Okay, I promise not to bore you all with my favourite quotes, but I am writing my mottoes for the year.

These slogans or mottoes tend to be quotes or sayings symbolizing what it is that I wish to be/do/want from the new year.

They help me focus.

I usually write them in my daytimer/diary, as little reminders.

I often share them with others, children included. It is fascinating to hear their thoughts on my mottoes and to hear of their own possible mottoes.

So, this is another quote, that I am considering –

“Consult not your fears but your hopes and dreams. Think not about your frustrations, but about your unfulfilled potential. Concern yourself not with what you tried and failed in, but with what is still possible for you to do.” ~Pope John XXIII

Note – has this to say about mottoes –

mot·to n. pl. mot·toes or mot·tos
A brief statement used to express a principle, goal, or ideal.

A sentence, phrase, or word of appropriate character inscribed on or attached to an object.
A maxim adopted as a guide to one’s conduct.
[Italian, word, motto, probably from Vulgar Latin *mttum, word. See motom definitione of mottoes is ”


Maria Montessori

“Supposing I said there was a planet without schools or teachers, study was unknown, and yet the inhabitants – doing nothing but living and walking about – came to know all things ….Well, just this, which seems to fanciful as to be nothing but the invention of a fertile imagination, is a reality. It is the child’s way of learning.”

Dr. Maria Montessori



January is definitely a time for the new.

The new , many times, means cleaning and sorting, mentally and physically and spiritually.
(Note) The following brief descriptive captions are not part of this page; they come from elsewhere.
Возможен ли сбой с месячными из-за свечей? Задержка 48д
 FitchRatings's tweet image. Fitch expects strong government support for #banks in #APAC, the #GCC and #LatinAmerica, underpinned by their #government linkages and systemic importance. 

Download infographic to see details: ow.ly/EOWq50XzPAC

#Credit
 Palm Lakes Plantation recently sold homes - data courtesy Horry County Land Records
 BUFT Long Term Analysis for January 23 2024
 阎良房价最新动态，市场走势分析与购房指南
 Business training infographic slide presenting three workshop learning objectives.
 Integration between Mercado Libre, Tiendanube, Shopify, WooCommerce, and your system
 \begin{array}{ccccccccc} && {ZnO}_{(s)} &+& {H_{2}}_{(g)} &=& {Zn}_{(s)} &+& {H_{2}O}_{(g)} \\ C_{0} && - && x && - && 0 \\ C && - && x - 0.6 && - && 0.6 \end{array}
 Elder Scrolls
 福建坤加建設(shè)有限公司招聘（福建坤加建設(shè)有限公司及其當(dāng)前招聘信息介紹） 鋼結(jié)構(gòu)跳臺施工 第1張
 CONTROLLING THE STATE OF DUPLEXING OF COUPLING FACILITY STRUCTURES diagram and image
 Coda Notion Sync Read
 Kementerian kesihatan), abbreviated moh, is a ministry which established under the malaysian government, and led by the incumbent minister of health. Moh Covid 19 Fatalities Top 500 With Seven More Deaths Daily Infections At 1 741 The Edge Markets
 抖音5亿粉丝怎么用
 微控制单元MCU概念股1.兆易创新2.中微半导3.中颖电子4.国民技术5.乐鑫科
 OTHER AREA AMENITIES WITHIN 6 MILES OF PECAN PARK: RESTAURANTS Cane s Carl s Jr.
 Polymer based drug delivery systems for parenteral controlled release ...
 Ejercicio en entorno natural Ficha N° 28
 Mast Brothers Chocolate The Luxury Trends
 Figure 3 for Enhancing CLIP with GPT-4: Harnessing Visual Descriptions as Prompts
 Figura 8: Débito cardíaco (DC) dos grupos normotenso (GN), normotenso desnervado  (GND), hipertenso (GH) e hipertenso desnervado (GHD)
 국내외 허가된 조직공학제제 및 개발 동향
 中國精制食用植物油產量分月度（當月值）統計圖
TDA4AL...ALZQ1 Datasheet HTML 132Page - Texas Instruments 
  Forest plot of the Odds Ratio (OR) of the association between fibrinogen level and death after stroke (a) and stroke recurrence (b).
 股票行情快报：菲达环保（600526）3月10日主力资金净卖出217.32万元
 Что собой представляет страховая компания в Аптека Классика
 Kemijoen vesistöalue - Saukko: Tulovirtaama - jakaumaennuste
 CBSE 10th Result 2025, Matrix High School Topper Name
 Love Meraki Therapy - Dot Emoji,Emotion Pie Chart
The physical part took the shape, yesterday, of tidying the art/stationery trolley and re-organizing our journalling nook. Between frequent rests for me.

The journalling nook was set up during last January’s “sorting’ time. And then the nook was moved to a new place after our move interstate and to a new home last March.

I think tidying and organizing can be part of strewing – strewing ideas and activities for ourselves and our children. Strewing doesn’t have to be a physical thing – it can be mental, looking at what we have and where we are, with new eyes. A paradigm shift.

Tidying some of the clutter helps me discover the paradigm shift.

We sort and throw out, make a list of some new supplies to purchase and are encouraged to look again at some art or writing or drawing. Maybe.


One More Thing

Oh, thought I’d share my One Thing for today – again, two things.

1. Read aloud from Our Life in the Church, with those boys who will be confirmed this year. I expect we will get side tracked into many other discussions.
2. Print some information about Manet ( artist) and Mozart ( composer) for the refrigerator door. In this, I have been inspired by the posters at the 4 real discussion boards* – these two have been suggested as the artist and the composer for the month of January.

We already have a print of one of Manet’s paintings on the dining room computer, as wallpaper ( The Escape of Rocherfort) and have listened to some of Mozart while I ate breakfast and others read or played video games.